78      In de tweede plaats staat vast dat de Commissie in het bestreden besluit de nodige gevolgen heeft willen verbinden aan het arrest ArcelorMittal, punt 21 supra (EU:C:2011:190).

79      Aldus heeft de Commissie in het bestreden besluit geoordeeld dat de schorsing van de verjaring ten aanzien van verzoeksters niet erga omnes, maar slechts inter partes gold, dat wil zeggen dat die schorsing in de omstandigheden van het concrete geval niet gold voor Elementis.

80      Enerzijds dient echter eraan te worden herinnerd dat het Hof in de zaak die aanleiding heeft gegeven tot het arrest ArcelorMittal, punt 21 supra (EU:C:2011:190), uitspraak heeft gedaan over de gevolgen, inter partes, van een schorsing van de verjaring met betrekking tot verschillende ondernemingen in de zin van artikel 101 VWEU die aan eenzelfde inbreuk hebben deelgenomen (arrest ArcelorMittal, punt 21 supra, EU:C:2011:190, punt 148).

81      Anderzijds hebben Elementis en verzoeksters in het onderhavige geval tijdens de tweede inbreukperiode één enkele onderneming in de zin van artikel 101 VWEU gevormd, zoals in punt 405 van het vandaag in zaak T‑47/10 gewezen arrest is geoordeeld.

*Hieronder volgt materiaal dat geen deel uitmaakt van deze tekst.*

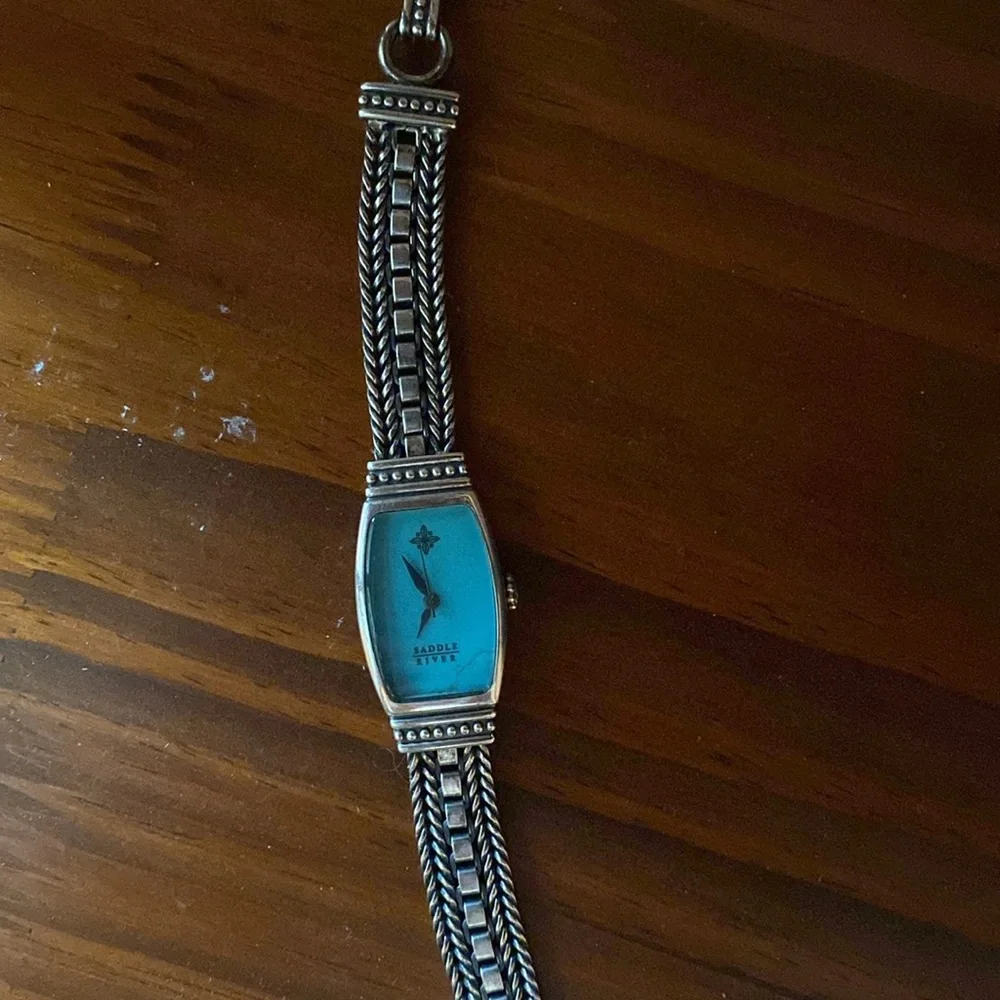 Saddle River Turquoise Watch with Silver Accents - Picture 3 of 5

82      Los van het antwoord op de vraag of de Commissie de oplossing die het Hof heeft gekozen in de zaak die aanleiding heeft gegeven tot het arrest ArcelorMittal, punt 21 supra (EU:C:2011:190), dat betrekking had op verschillende ondernemingen die aan eenzelfde inbreuk hadden deelgenomen, terecht kon uitbreiden tot een situatie als die in de onderhavige zaak, waarin het gaat om verschillende vennootschappen die tijdens de tweede inbreukperiode één enkele onderneming hebben gevormd, dient aldus worden geoordeeld dat verzoeksters zich met name ter zake van het antwoord op die vraag tijdens de administratieve procedure die tot de vaststelling van het bestreden besluit heeft geleid, beter hadden kunnen verdedigen indien zij over een voldoende lange termijn hadden beschikt om hun standpunt kenbaar te maken.

[omissis]

HET GERECHT (Vierde kamer),

rechtdoende, verklaart:

1)      Het besluit van de Commissie van 30 juni 2011 houdende wijziging van beschikking C(2009) 8682 definitief van de Commissie van 11 november 2009 inzake een procedure op grond van artikel 81 EG en van artikel 53 van de EER-Overeenkomst (zaak COMP/38.589 – Hittestabilisatoren) wordt nietig verklaard.

2)      De Europese Commissie wordt verwezen in de kosten.

Prek

Labucka

Kreuschitz

Uitgesproken ter openbare terechtzitting te Luxemburg op 15 juli 2015.

ondertekeningen


* Procestaal: Engels.


1      Enkel de punten van dit arrest waarvan het Gerecht publicatie nuttig acht, worden weergegeven.